Marko Perković (; born 27 October 1966) is a Croatian musician who has been the lead singer of the band Thompson since 1991.

Perković was born in the village of Čavoglave, SR Croatia, within SFR Yugoslavia, today a part of Croatia. He participated in the Croatian War of Independence (1991–95), during which he started his career with the nationalist song "Bojna Čavoglave". In 2002, he started his first major tour after the release of the E, moj narode album. Since 2005, he has been organizing an unofficial celebration of the Victory Day in his birthplace of Čavoglave. 

During his career, Perković has attracted controversy in the media over his performances and songs, some of which are alleged to glorify or promote the World War II-era Croatian fascist Ustaše dictatorship.

Early life

Perković was born in 1966 in Čavoglave (at the time SR Croatia, SFR Yugoslavia) to Marija and Ante. He rarely saw his father, who worked as a Gastarbeiter in Germany and rarely came home. He finished high school in Split. In 1991, Croatia declared independence from Yugoslavia, prompting the Croatian War of Independence. Perković joined the Croatian forces and used the American Thompson gun during his time in the war, which became his nickname and later, his stage name.

It was while he was defending his home village that Perković became inspired to write one of the most popular songs during the war; "Bojna Čavoglave" (Čavoglave Battalion), which launched his music career. In 1992 Perković held concerts throughout Croatia, and released his first album that same year. He continued to write songs during the war. In 1995 he returned to the Croatian Army and the 142nd Drniš Brigade, and became one of the first soldiers to enter the captured cities of Drniš and Knin during Operation Storm.

Career

After the war, Thompson's popularity declined.

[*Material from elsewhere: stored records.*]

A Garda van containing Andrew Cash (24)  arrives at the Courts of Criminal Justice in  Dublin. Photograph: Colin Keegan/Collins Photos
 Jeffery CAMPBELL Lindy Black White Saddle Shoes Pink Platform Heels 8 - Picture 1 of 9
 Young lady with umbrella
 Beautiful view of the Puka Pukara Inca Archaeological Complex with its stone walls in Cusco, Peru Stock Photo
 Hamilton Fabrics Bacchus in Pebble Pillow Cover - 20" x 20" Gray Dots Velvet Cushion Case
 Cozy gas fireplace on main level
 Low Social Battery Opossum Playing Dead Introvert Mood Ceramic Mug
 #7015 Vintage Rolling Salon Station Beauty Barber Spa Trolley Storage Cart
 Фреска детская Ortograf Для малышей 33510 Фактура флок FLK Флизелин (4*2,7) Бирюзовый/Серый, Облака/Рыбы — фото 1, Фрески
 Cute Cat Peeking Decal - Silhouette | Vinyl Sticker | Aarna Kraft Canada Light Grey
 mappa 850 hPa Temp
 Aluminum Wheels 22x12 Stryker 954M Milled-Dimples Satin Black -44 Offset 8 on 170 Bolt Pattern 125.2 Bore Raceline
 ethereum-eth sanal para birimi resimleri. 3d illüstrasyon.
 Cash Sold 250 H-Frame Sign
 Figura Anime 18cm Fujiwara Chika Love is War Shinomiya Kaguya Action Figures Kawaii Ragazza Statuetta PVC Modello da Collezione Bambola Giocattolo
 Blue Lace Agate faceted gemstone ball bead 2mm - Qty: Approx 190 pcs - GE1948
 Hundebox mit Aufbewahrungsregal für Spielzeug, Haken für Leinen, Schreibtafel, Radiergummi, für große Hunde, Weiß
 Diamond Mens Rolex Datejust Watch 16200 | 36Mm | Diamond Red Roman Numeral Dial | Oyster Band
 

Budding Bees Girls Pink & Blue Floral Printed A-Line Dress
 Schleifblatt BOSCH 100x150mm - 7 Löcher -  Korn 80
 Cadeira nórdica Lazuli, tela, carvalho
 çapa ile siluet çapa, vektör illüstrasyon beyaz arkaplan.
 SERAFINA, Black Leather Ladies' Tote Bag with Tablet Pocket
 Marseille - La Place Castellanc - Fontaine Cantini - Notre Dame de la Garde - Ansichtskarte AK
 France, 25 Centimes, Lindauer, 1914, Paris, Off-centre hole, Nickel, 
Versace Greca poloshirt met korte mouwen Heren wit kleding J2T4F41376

However in 2002, Thompson experienced a resurgence as Perković embraced right-wing critics of the Croatian center-left coalition government who protested the government's cooperation with the International Criminal Tribunal for the former Yugoslavia (ICTY) in extraditing indicted war criminals.

On 15 September 2002, he had his largest concert to date at the Poljud Stadium in Split with about 40,000 visitors.

In 2007 he surpassed the 2002 concert at the Maksimir Stadium in Zagreb on 17 June 2007, with 60,000 people attending. His concert at the stadium was aired live on the state owned HRT Plus pay-per-view channel, and several days later on the main national channel as well.

Perković during his career has cited Mate Bulić, Nightwish, Iron Maiden, AC/DC and Dream Theater as main influences.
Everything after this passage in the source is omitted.